I want to address this because of a new special forum troll buddy, who’s “friend” has a puppy from a breeder. When presented with mountains of evidence listed by other people about what constitutes a puppy mill, he refuses to recognize that this place shares many features of a dog farm (the word “farm” is even in the kennel name!) So, I present you readers with a list of commonly accepted features associated with puppy mills, and ask you to decide for yourselves. PS, google the name and “puppy mill” pops right up in the search results.

1) USDA license
2) Multiple breeds with multiple litters on the ground
3) Designer breeds and mixes
4) Brokering for larger operations with smaller satelite facilities in cooperation (can be called back yard breeders)
5) Sick and injured dogs lacking medical care
6) Money is the priority
7) Limited health guarantee if any (a 1 year health guarantee is LAUGHABLE!)
8) Seem nice enough, but remember, their job is to make you comfortable so you buy from them, they are salespeople more than anything
9) Will sell to who ever has funds
10) Dogs are not standard and not shown (this is a big deal in Shibas, they need to be within standard and they need to have been shown before being bred)
11) Contract covers sellers’ best interests, if there even is one
12) Lack of health testing (OFA, Penn Hip, Cerf) on breeding dogs but will almost always say “the Vet said it’s healthy” when asked
13) Almost always will NOT mandate spay/neuter or return of dog if new owner is unable to care for it
14) and the list goes on for miles

Just because a dog farm seems to care about and professes to love their dogs, does not negate the facts. Just because the dogs have AKC registration, champions in their history, live indoors and are raised with children, does not rule out shady dealings and questionable motives or ethics. At best, that indicates a backyard breeding operation, where at least more often than not the dogs are actually cared for and there aren’t that many of them, but still…when I read stories about this puggle puppy and this same puppy that almost died, I doubt very much that the intentions go beyond making money in a day and age when so, so many mix breed dogs and purebreds are in need of homes in shelters across the nation.

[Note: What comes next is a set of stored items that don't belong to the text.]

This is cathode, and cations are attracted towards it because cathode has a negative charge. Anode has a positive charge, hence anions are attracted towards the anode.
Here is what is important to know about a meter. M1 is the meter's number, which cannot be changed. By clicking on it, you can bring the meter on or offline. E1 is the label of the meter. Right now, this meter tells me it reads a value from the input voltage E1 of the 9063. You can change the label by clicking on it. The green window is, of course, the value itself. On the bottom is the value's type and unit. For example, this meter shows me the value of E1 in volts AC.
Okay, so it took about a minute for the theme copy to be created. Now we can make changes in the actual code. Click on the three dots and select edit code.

Don’t take my word, here are some more interpretations. If it looks like a duck….

6 thoughts on “What Constitutes a Puppy Mill?

  1. Yes so true! Thank you for posting this, the information is something that really needs to be communicated widely and I appreciate that you have openly provided the specifics.

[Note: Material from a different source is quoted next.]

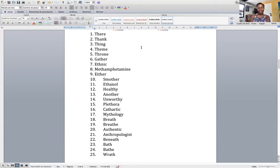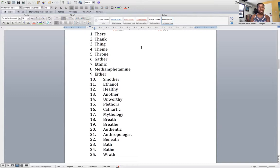Let's go over this list at least two more times. One: there. Two: thank. Three: thing. Four: theme. Five: throne. Six: gather. Seven: ethnic. Eight: methamphetamine. Nine: either. Ten: smother. Eleven: ethanol. Twelve: healthy. Thirteen: another. Fourteen: unworthy. Fifteen: plethora. Sixteen: cathartic. Seventeen: mythology. Eighteen: breath. Nineteen: breathe. Twenty: authentic. Twenty-one: anthropologist. Twenty-two: beneath. Twenty-three: bath. Twenty-four: bathe. Twenty-five: wrath.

  2. Thanks Taro!I wish people were more open about naming mills, but it often turns into a breeder war with one well known breeder throwing their weight around and saying some other breeder is a mill out of spite, when they really aren't, so the politics make it hard (but not impossible) to be o

  3. That should be, "to be open and honest".That said, it is frustrating how so many people new to the breed get sucked into a nice web site that is an obvious mill, and it's absolutely inexcusable how someone who professes to have decades of experience with and knowledge of the breed, makes statements in support of places like this and is unable to tell the difference. Not much of an authority I would say.

  4. The "you have never been there" defense often rings empty, too. All the information you need is publicly available, and it's hard to dispute the concrete facts offered by the breeders themselves.I also give no credence to examples of healthy dogs from mill situations who are less than, say, 5 years old. It would mean so much more to know what a breeder's dogs (and their relatives and offspring) died of, and what afflicted them in old age. It's a lot to hope for a dog that is "perfectly healthy" even as a senior, but there are plenty of genetic diseases that strike in the prime of a dog's life. And when you're talking about a *life commitment*, not something that's gonna help you get your puppy fix for the next year, the first couple years only offer a very limited perspective on a dog's overall health.

  5. @lindsayt while i can't comment on breeder wars (never heard of them before–perhaps because we don't use the shiba forums?), my pack completely agrees with the insights in the second comment.